New Caledonia is further divided into 33 municipalities:[25] One commune, Poya, is divided between two provinces. The northern half of Poya, with the main settlement and most of the population, is part of the North Province, while the southern half of the commune, with only 127 inhabitants in 2009, is part of the South Province. The communes, with 2015 populations in brackets, and administrative centres, are as follows:

    South Province

  1. Thio (3,287) Thio
  2. Yaté (2,683) Yaté
  3. L'Île-des-Pins (2,921) Vao
  4. Le Mont-Dore (27,939) Mont-Dore
  5. Nouméa (101,909) Nouméa *
  6. Dumbéa (32,290) Dumbéa
  7. Païta (21,583) Païta
  8. Boulouparis (3,300) Boulouparis
  9. La Foa (4,035) La Foa
  10. Sarraméa (856) Sarraméa
  11. Farino (636) Farino
  12. Moindou (869) Moindou
  13. Bourail (6,448) Bourail
  14. Poya (southern part)

    North Province

  1. 14 Poya (northern part) (3,541) Poya
  2. 15 Pouembout (2,872) Pouembout
  3. 16 Koné (8,331) Koné *
  4. 17 Voh (3,813) Voh
  5. 18 Kaala-Gomen (2,530) Kaala-Gomen
  6. 19 Koumac (4,766) Koumac
  7. 20 Poum (2,069) Poum
  8. 21 Belep (1,601) Waala
  9. 22 Ouégoa (3,198) Ouégoa
  10. 23 Pouébo (4,036) Pouébo
  11. 24 Hienghène (3,897) Hienghène
  12. 25 Touho (3,112) Touho
  13. 26 Poindimié (6,358) Poindimié
  14. 27 Ponérihouen (4,153) Ponérihouen
  15. 28 Houaïlou (6,273) Houaïlou
  16. 29 Kouaoua (1,859) Kouaoua
  17. 30 Canala (5,869) Canala

    Loyalty Islands Province

Notes: * provincial capital. The population of the southern part of Poya commune is included in that for the northern part.


Main article: Geography of New Caledonia

New Caledonia is part of Zealandia, a fragment of the ancient Gondwana super-continent. It is speculated that New Caledonia separated from Australia roughly 66 million years ago, subsequently drifting in a north-easterly direction, reaching its present position about 50 million years ago.[39]

The mainland is divided in length by a central mountain range whose highest peaks are Mont Panié (1,629 metres (5,344 ft)) in the north and Mont Humboldt (1,618 m (5,308 ft)) in the southeast.[40] The east coast is covered by a lush vegetation.[40] The west coast, with its large savannahs and plains suitable for farming, is a drier area. Many ore-rich massifs are found along this coast.[40]

The Diahot River is the longest river of New Caledonia, flowing for some 100 kilometres (62 mi).[41] It has a catchment area of 620 km2 (240 sq mi) and opens north-westward into the Baie d'Harcourt, flowing towards the northern point of the island along the western escarpment of the Mount Panié.[41][42] Most of the island is covered by wet evergreen forests, while savannahs dominate the lower elevations.[43] The New Caledonian lagoon, with a total area of 24,000 square kilometres (9,300 sq mi) is one of the largest lagoons in the world. It is surrounded by the New Caledonia Barrier Reef.[40]

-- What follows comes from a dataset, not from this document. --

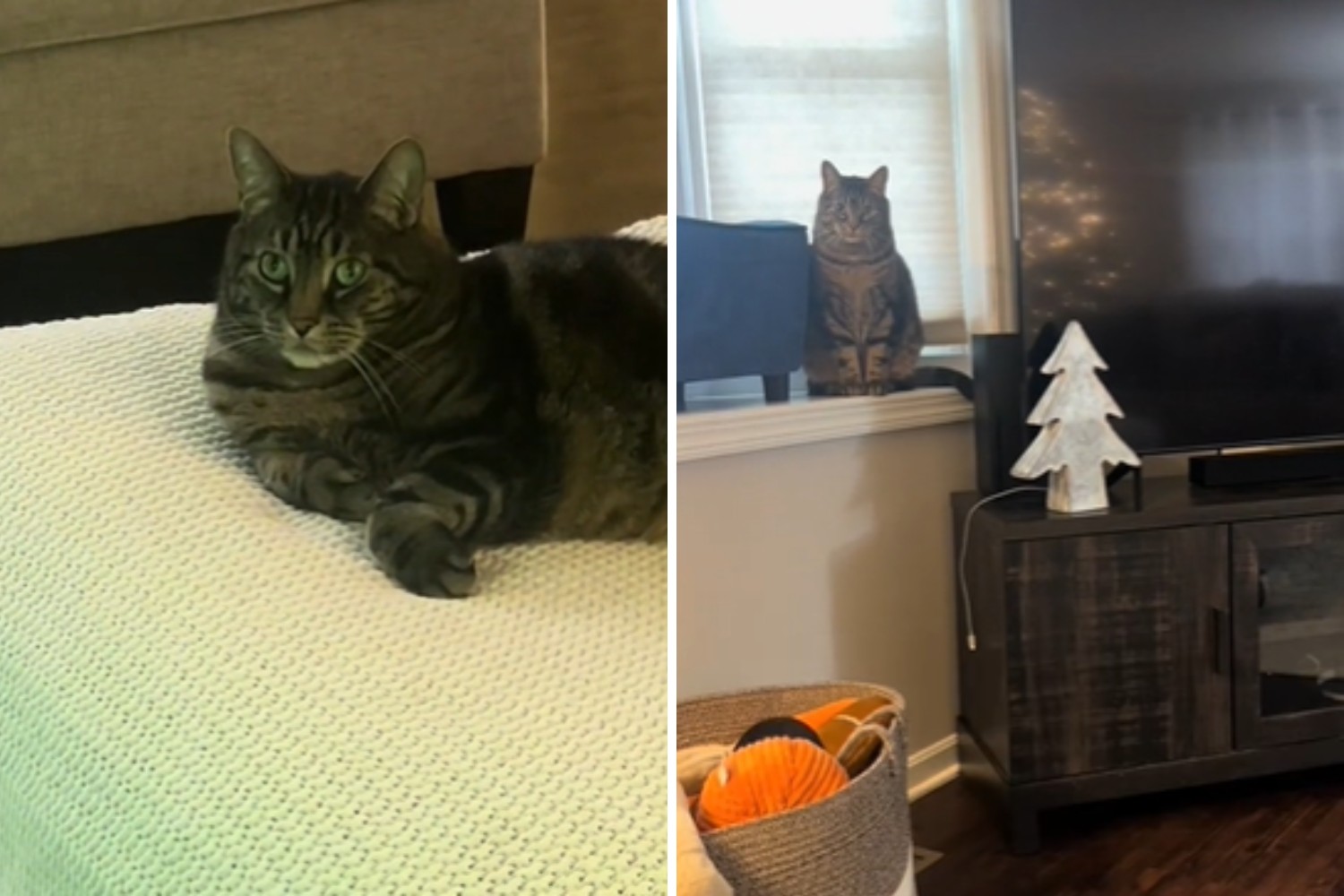 Evil Genius Cat Turns Off The TV Because His Owners Won't Let Him Watch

The climate is tropical, with a hot and humid season from November to March with temperatures between 27 °C and 30 °C,[40] and a cooler, dry season from June to August with temperatures between 20 °C and 23 °C,[40] linked by two short interstices.[9] The tropical climate is strongly moderated by the oceanic influence and the trade winds that attenuate humidity, which can be close to 80%.[40] The average annual temperature is 23 °C, with historical extremes of 2.3 °C and 39.1 °C.[9]

The rainfall records show that precipitation differs greatly within the island. The 3,000 millimetres (120 in) of rainfall recorded in Galarino are three times the average of the west coast. There are also dry periods, because of the effects of El Niño.[9] Between December and April, tropical depressions and cyclones can cause winds to exceed a speed of 100 kilometres per hour (62 mph), with gusts of 250 kilometres per hour (160 mph) and very abundant rainfall.[9] The last cyclone affecting New Caledonia was Cyclone Cook, in January 2017.

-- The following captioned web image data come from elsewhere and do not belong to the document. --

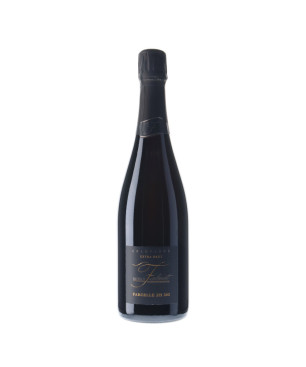 Nathalie Falmet - Champagne Extra-Brut ZH303 - MAGNUM | Vin-malin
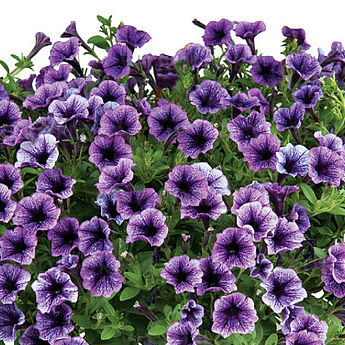 Littletunia Blue Vein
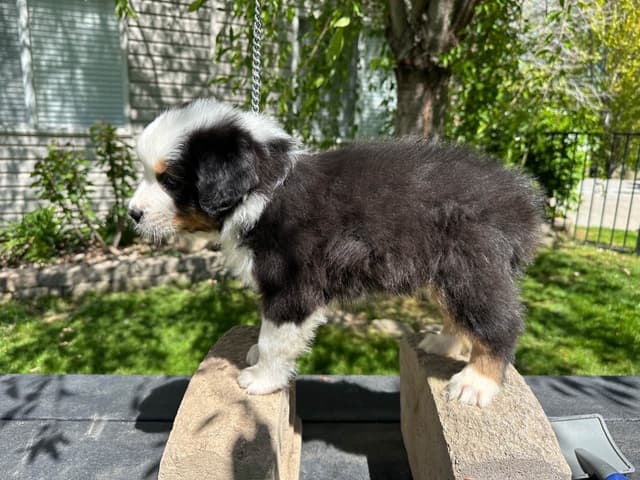 Australian Shepherd Puppies media 7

See also: Biodiversity of New Caledonia

New Caledonia has many unique taxa, especially birds and plants.[44] It has the richest diversity in the world per square kilometre.[44] In its botany not only species but entire genera and even families are unique to the island, and survive nowhere else. The biodiversity is caused by Grande Terre's central mountain range, which has created a variety of niches, landforms and micro-climates where endemic species thrive.[44]

Bruno Van Peteghem was in 2001 awarded the Goldman Environmental Prize for his efforts on behalf of the Caledonian ecological protection movement in the face of "serious challenges" from Jacques Lafleur's RPCR party.[45] Progress has been made in a few areas in addressing the protection of New Caledonia's ecological diversity from fire, industrial and residential development, unrestricted agricultural activity and mining (such as the judicial revocation of INCO's mining license in June 2006 owing to claimed abuses).[46]


New Caledonia's fauna and flora derive from ancestral species isolated in the region when it broke away from Gondwana many tens of millions of years ago.[47] Not only endemic species have evolved here, but entire genera and even families are unique to the islands.

More of tropical gymnosperm species are endemic to New Caledonia than to any similar region on Earth. Of the 44 indigenous species of gymnosperms, 43 are endemic, including the only known parasitic gymnosperm (Parasitaxus usta).[48] Also, of the 35 known species of Araucaria, 13 are endemic to New Caledonia.[44] New Caledonia also has the world's most divergent lineage of flowering plant, Amborella trichopoda which is at, or near, the base of the clade of all flowering plants.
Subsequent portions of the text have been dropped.